Dramatists Guild of America
- Established: 1919; 107 years ago
- Type: Professional organization
- Headquarters: 1501 Broadway New York City
- Key people: Amanda Green, president
- Website: www.dramatistsguild.com

= Dramatists Guild of America =

Professional organization for playwrights, composers, and lyricists

The Dramatists Guild of America is a professional organization for playwrights, composers, and lyricists working in the U.S. theatre market. It was born in 1921 out of the Authors Guild, known then as Authors League of America, formed in 1912.

Membership as an Associate Member is open to any person having written at least one stage play. Active Members are playwrights who have had at least one play produced in front of a paying audience or have had their work published by a major theatrical publisher. Student membership is also available for those enrolled in dramatic writing courses.
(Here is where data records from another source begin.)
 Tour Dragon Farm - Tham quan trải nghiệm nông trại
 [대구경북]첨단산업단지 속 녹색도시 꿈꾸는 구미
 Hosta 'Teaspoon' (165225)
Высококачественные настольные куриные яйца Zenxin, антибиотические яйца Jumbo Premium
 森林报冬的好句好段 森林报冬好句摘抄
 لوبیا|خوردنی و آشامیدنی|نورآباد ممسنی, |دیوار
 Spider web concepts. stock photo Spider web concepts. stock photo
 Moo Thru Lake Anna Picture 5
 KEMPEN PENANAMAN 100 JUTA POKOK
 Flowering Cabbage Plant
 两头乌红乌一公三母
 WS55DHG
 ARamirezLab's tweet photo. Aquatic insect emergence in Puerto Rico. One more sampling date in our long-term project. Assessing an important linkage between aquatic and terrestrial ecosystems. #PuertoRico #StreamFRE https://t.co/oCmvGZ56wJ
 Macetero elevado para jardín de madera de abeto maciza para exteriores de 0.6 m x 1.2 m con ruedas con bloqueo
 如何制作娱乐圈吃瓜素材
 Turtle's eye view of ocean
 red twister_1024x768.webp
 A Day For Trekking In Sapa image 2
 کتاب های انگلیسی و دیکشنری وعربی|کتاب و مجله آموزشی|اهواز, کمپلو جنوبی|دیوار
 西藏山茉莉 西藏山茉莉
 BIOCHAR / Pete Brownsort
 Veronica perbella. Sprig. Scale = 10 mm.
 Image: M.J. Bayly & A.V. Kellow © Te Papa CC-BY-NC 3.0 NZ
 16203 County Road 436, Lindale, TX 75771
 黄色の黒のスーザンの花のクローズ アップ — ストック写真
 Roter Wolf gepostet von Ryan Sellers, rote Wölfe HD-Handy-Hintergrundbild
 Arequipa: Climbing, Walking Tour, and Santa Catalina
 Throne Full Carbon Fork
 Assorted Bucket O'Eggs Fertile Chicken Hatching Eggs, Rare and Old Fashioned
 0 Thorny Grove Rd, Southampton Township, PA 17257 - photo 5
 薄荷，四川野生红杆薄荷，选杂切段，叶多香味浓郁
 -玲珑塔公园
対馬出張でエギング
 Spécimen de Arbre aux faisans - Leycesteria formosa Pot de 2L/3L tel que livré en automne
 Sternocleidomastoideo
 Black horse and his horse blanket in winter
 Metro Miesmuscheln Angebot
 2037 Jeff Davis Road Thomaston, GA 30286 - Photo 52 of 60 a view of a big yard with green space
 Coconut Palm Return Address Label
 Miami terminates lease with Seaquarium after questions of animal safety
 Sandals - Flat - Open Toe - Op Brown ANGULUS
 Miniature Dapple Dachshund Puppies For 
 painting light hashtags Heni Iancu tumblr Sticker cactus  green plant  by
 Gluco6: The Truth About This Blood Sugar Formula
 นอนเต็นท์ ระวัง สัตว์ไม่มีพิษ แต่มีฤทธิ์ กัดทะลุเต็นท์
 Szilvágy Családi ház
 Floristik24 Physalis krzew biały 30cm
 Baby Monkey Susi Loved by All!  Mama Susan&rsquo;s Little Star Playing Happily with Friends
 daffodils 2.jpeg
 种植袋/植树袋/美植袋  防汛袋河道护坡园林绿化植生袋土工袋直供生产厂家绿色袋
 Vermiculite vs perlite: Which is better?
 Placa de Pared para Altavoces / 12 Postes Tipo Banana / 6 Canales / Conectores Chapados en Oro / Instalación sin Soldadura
The Dramatists Guild works to negotiate better contracts for playwrights in professional markets and offers recommendations for contracts in other markets. The Business Affairs division assists playwrights by reviewing contracts for productions and maintains a set of contracts for Guild members to use when licensing their work.

The Dramatist is a quarterly journal produced by the Dramatists Guild, which includes articles, interviews, and other information pertinent to theatre writers.

==History==
1912 – The constitution and by-laws of the Authors' League of America (which included 350 novelists, poets, dramatists, and magazine authors) were adopted December 13 and incorporated on December 18.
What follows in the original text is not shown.